Drunk driving prevention campaigns have evolved from ‘Drinking & Driving Can Kill A Friendship’ and ‘Friends Don’t Let Friends Drive Drunk’ in 1983 to ‘Drive Sober Or Get Pulled Over’ and ‘Buzzed Driving is Drunk Driving’ of today.

Drinking Driving Can Kill a Friendship Sign

In 1998, America experienced its lowest number of alcohol-related fatalities (since the US DOT began keeping records) due to successful drunk driving prevention campaigns [Image via Duke University]

Forest fire prevention

The longest running Public Awareness Campaign in Ad Council’s history, Smokey Bear and his message “Only You Can Prevent Forest Fires,” was a great hit. It reduced the number of acres of land lost due to fires annually from 22 million to 8.4 million (in 2000).

Smokey Bear Campaign Sign

The United State Forest Service created Smokey Bear to educate people and children about the danger of forest fires back in 1944. [Image by SmokeyZone]

Beyond road safety

Signs have been an important tool in hundreds of successful campaigns, one being the hit ‘Don’t Mess with Texas’. The campaign started in the 1980s by the Texas Department of Transportation (DOT) to keep the state clean and litter-free. The slogan means ‘throw your trash in a trashcan’ and began from Texas highways, but is now popular nationwide.

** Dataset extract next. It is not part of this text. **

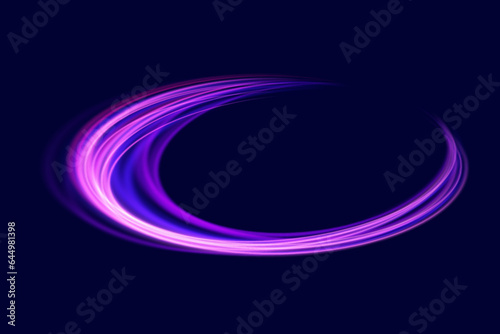 Abstract fire flare trace lens flares acceleration speed motion on night road. Shine dynamic scene. Neon flare. Colorful rays.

Don't Mess With Texas Sign

A slogan that has caught up with everyone: Don’t Mess With Texas [Image by So Max O]

Desktop icons, litterbags, stickers, or decals – you can find the ‘Don’t Mess with Texas’ message everywhere. In a survey conducted by the Texas DOT, 95 percent of Texans recognize the slogan. Forty eight percent of the respondents came across the ‘Don’t Mess with Texas’ slogan on street or highway signs.

The slogan, however, started being used more in trash talking and braggadocio over the time. Youngsters today get the message printed on personalized T-Shirts, mugs, and keychains as a symbol of bravado. Therefore, the Texas
DOT decided to revive the campaign to ensure that people remember the slogan is actually about not littering Texas.